Desgin of device state control and interfaces to get/set device data
====================================================================

CODE STRUCTURES
---------------
/* Device State region type and sub-type */
#define VFIO_REGION_TYPE_DEVICE_STATE (1 << 1)
#define VFIO_REGION_SUBTYPE_DEVICE_STATE_CTL (1)
#define VFIO_REGION_SUBTYPE_DEVICE_STATE_DATA_CONFIG (2)
#define VFIO_REGION_SUBTYPE_DEVICE_STATE_DATA_MEMORY (3)
#define VFIO_REGION_SUBTYPE_DEVICE_STATE_DATA_DIRTYBITMAP (4)

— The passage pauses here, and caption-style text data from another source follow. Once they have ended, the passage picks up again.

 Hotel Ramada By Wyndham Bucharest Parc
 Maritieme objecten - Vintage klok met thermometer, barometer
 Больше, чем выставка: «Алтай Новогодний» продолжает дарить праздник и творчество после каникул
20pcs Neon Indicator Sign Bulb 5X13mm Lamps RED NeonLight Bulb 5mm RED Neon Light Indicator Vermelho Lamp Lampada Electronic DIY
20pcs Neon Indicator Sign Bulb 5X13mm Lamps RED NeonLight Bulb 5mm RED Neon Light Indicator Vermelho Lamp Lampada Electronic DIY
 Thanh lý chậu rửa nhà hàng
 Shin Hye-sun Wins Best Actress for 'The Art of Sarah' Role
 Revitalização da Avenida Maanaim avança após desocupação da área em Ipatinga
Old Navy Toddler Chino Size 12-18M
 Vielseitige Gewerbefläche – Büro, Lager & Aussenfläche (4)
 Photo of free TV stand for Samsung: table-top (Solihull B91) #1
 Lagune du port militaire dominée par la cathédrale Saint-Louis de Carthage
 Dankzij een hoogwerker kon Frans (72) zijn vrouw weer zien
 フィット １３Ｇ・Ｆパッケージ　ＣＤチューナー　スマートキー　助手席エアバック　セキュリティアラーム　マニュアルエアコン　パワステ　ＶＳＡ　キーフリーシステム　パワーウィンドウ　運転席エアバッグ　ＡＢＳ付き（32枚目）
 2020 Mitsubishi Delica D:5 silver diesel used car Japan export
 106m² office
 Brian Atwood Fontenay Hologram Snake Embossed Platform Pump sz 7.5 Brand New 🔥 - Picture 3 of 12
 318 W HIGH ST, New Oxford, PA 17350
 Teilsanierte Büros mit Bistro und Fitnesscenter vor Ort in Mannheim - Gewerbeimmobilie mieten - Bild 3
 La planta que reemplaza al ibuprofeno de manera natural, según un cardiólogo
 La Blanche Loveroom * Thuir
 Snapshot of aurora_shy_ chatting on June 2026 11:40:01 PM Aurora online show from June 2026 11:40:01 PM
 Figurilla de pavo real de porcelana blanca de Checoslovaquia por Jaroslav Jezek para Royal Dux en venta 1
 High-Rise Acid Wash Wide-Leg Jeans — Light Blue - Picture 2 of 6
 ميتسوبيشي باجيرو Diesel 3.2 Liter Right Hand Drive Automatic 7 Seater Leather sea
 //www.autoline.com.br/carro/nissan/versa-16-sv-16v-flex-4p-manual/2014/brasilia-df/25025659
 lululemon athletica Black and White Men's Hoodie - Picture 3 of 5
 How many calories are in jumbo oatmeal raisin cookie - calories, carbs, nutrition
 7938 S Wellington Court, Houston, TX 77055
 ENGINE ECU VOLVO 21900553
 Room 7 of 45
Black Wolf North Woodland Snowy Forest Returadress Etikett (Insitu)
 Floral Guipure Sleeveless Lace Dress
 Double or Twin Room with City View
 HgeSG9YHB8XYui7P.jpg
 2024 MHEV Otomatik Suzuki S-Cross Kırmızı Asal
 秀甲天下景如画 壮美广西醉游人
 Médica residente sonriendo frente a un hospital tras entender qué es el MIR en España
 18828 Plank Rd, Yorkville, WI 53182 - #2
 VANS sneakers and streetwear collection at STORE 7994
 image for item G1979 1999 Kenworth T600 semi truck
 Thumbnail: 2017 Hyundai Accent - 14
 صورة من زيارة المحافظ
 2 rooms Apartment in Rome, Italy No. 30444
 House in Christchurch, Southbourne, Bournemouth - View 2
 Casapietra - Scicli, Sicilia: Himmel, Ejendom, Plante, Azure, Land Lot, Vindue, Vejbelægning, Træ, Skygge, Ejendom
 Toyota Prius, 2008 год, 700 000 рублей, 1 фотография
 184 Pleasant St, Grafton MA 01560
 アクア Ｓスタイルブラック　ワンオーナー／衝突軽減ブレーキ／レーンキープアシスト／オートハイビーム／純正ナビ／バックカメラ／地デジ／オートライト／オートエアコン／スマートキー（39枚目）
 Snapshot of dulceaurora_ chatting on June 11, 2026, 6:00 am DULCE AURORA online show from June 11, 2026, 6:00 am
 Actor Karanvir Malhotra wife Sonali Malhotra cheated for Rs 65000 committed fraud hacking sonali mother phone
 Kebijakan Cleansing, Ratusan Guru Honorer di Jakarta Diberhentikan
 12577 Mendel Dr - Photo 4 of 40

#define VFIO_DEVICE_STATE_INTERFACE_VERSION 1
#define VFIO_DEVICE_DATA_CAP_DEVICE_MEMORY 1
#define VFIO_DEVICE_DATA_CAP_SYSTEM_MEMORY 2

#define VFIO_DEVICE_STATE_RUNNING 0
#define VFIO_DEVICE_STATE_STOP 1
#define VFIO_DEVICE_STATE_LOGGING 2

#define VFIO_DEVICE_DATA_ACTION_GET_BUFFER 1
#define VFIO_DEVICE_DATA_ACTION_SET_BUFFER 2

struct vfio_device_state_ctl {
__u32 version; /* ro, version of device control interface*/
__u32 device_state; /* VFIO device state, wo */
__u32 caps; /* ro */
struct {
__u32 action; /* wo, GET_BUFFER or SET_BUFFER */
__u64 size; /*rw, total size of device config*/
} device_config;
struct {
__u32 action; /* wo, GET_BUFFER or SET_BUFFER */
__u64 size; /* rw, total size of device memory*/
__u64 pos;/*chunk offset in total buffer of device memory*/
} device_memory;
struct {
__u64 start_addr; /* wo */
__u64 page_nr; /* wo */
} system_memory;
};

DEVICE DATA
-----------
A VFIO device's data can be divided into 3 categories: device config,
device memory and system memory dirty pages.

Device Config: such kind of data like MMIOs, page tables...
Every device is supposed to possess device config data.
Usually the size of device config data is small (no big
than 10M), and it needs to be loaded in certain strict
order.
Therefore no dirty data logging is enabled for device
config and it must be got/set as a whole.

Device Memory: device's internal memory, standalone and outside system
memory. It is usually very big.
Not all device has device memory. Like IGD only uses system
memory and has no device memory.

System Memory Dirty Pages: A device can produce dirty pages in system
memory.


DEVICE STATE REGIONS
---------------------
A VFIO device driver needs to register two mandatory regions and optionally
another two regions if it plans to support device state management.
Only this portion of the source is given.